Federal judge Edith Clement also directed the lower court to halt payments on claims that do not meet stricter standards.
"There is no need to secure peace with those with whom one is not at war," Reuters quoted Clement as saying.
"The district court had no authority to approve the settlement of a class that included members that had not sustained losses at all, or had sustained losses unrelated to the oil spill, as BP alleges.
"If the administrator is interpreting the settlement to include such claimants, the settlement is unlawful."
The company earlier asked the court to halt payments until the claims administrator improves its handling of the settlement programme with better accounting and anti-fraud controls. It noted that the existing standards in the settlement programme is too generous and is paying people who were unaffected by the oil spill.
The troubled company has already failed twice in its attempt to halt settlement payments.
In July, US District Judge Carl Barbier rejected BP's request to halt payments as the claims programme was still being investigated by Freeh. The judge also ordered BP to pay $130m (£80.2bn, €95.6bn) in fees to the administrator.

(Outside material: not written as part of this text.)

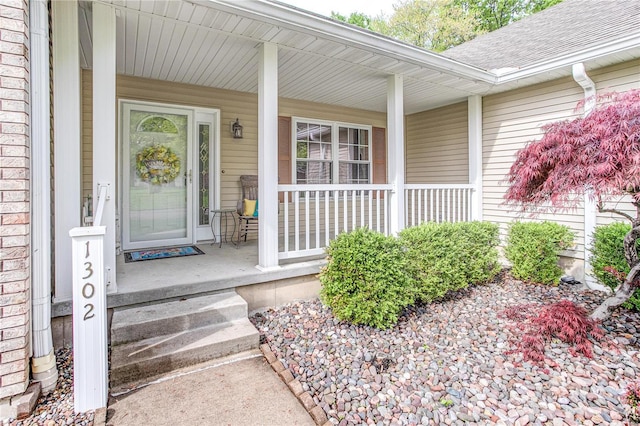 property entrance featuring a porch and a shingled roof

BP renewed the request on 5 August as a fraud hotline, set up by the company, found "new evidence of more widespread and potentially systemic improprieties" in the claims programme.
The oil company claimed that it had discovered two lawyers who are tasked with reviewing appeals of disputed claims, are also partners at law firms that represent the applicants in the Court Supervised Settlement Programme.
BP said this is evidence of conflict of interest, but Barbier ruled that there was no "credible evidence of fraud" in the compensation process as claimed by the oil major.
An explosion on BP's Deepwater Horizon rig on 20 April 2010, which killed 11 workers, resulted in one of the worst environmental disasters in history. BP has since forked out $42.4bn in oil spill-related charges.
BP's costs are still mounting as it has taken a substantial hit in the running of the victims' settlement programme. This includes payments to court-appointed vendors and appeals panellists. It also has to bear administrative costs to process remaining claims from the Gulf Coast Claims Facility, a fund set up to pay claimants before the current settlement was reached.
The company originally expected the programme to cost $7.8bn, but recently it lifted its estimate to $9.6bn and said it could go higher due to excessive fees and false claims.